Because I program in haskell, I have a lot of experience with monads, and now I see monads wherever I go. Monads are truly everywhere. Many people have already interacted with monads without even realising it. In fact, Javascript's promise is a monad. Despite this, the first result on google search for "is promise a monad", is titled, "no, promise is not a monad". I see this blog post as a response to that article. In this post by Buzz De Cafe, the author claims that javascript's promise is not a monad because it does not follow the mathematical laws of monads. However, nobody in haskell actually uses moands in the mathematical sense. It doesn't really matter if Promise is a mathematical monad, what really matters is if it acts like a programming monad, which it does. For example, let's take the haskell function
sequence :: (Traversable t, Monad m) => t (m a) -> m (t a)

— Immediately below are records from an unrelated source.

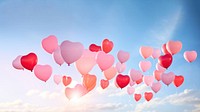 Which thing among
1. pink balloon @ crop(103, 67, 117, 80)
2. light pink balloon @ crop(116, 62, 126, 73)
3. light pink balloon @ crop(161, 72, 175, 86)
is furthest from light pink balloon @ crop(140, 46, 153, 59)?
pink balloon @ crop(103, 67, 117, 80)

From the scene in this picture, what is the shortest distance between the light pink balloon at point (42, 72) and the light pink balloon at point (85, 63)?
119 cm

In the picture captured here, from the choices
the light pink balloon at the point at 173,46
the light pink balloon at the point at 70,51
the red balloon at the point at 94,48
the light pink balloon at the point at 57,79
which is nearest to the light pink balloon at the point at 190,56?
the light pink balloon at the point at 173,46

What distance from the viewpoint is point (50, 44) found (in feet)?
39.3

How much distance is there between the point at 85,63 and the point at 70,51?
2.35ft

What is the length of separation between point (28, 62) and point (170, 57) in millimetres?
4723

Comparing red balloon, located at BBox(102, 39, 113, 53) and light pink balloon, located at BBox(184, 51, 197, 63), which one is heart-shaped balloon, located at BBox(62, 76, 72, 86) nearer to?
red balloon, located at BBox(102, 39, 113, 53)

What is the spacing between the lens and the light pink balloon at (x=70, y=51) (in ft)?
37.4

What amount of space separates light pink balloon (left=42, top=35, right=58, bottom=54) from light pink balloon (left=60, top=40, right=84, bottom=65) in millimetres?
531

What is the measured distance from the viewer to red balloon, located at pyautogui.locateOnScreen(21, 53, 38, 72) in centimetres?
1220

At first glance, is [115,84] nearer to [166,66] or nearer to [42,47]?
[166,66]

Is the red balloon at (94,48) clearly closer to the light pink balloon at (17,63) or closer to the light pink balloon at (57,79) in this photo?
the light pink balloon at (57,79)

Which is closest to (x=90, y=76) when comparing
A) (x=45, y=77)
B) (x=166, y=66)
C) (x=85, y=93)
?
(x=85, y=93)

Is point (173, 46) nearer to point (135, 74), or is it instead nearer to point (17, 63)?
point (135, 74)

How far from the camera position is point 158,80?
14.2 meters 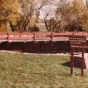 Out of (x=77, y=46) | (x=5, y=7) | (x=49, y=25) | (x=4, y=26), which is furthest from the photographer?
(x=49, y=25)

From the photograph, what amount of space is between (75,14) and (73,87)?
55.9 metres

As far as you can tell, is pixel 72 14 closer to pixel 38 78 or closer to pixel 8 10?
pixel 8 10

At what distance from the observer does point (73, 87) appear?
11.9 metres

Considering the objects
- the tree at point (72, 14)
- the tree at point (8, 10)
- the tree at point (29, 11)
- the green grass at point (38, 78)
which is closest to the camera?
the green grass at point (38, 78)

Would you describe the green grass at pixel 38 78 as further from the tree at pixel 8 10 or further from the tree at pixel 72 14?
the tree at pixel 72 14

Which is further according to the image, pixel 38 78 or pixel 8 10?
pixel 8 10

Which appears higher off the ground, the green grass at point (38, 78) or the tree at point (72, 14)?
the tree at point (72, 14)

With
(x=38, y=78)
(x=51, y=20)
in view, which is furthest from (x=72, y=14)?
(x=38, y=78)

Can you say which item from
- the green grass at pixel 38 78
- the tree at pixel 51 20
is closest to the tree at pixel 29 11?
the tree at pixel 51 20

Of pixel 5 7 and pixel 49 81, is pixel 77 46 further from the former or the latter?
pixel 5 7

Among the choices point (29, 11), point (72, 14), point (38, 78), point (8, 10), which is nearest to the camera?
point (38, 78)

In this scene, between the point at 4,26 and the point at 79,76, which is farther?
the point at 4,26

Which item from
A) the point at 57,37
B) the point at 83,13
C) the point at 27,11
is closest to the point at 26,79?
the point at 57,37

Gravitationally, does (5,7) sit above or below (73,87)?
above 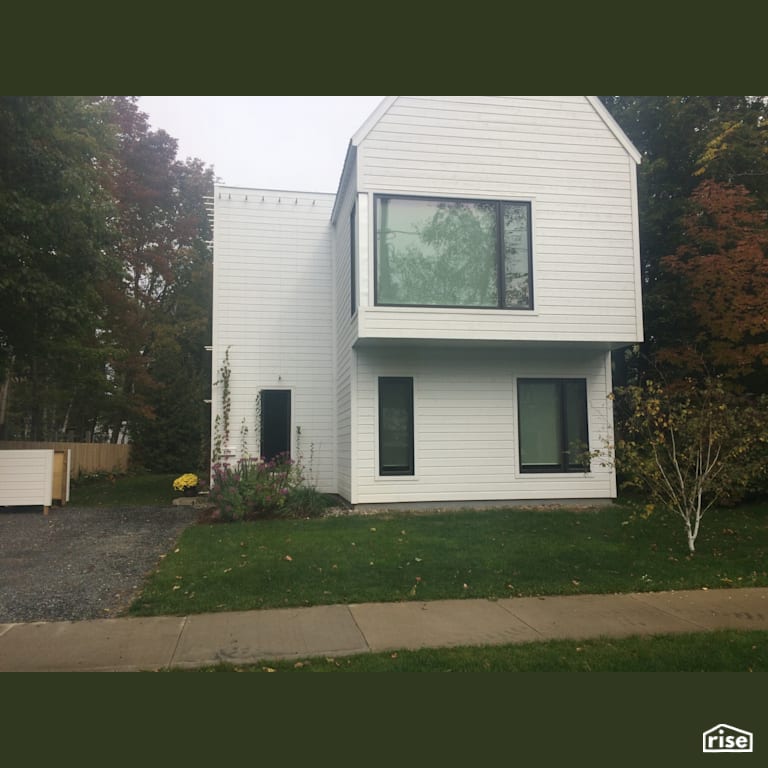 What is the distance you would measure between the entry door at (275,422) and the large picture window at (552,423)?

When I saw this, I was struck by how similar it is to Javascript's
Promise.all ::[promise a] -> promise [a]
I have written the type signature of Javascript's Promise.all in haskell syntax to lay apparent how similar these two functions are. Also let us look at .then vs >>=
(>>=) :: Monad m => m a -> (a -> m b) -> m b
fetch(url) .then(data=> data.json())
Both haskell's bind operator >>= and javascript .then extract the internal value of a monad. And let me remind the reader, that >>= is the minimal operator for the monad typeclass in haskell, so if promise were defined in haskell, all one would have to do is
instance Monad Promise where (>>=) = (then)
It is obvious that Promise has all the characteristics of a Monad, so when haskellers complain that it does not obey some mathematical law, those are just sprinklings on top of a monad that don't really affect its functionality.
Some people may knock Javascript for not being as intellectual or high level as Haskell, but in fact it has almost all of the same structures, just with not as mathematical names. The example of Javascript's Promise being a monad shows that it is truly a high level language.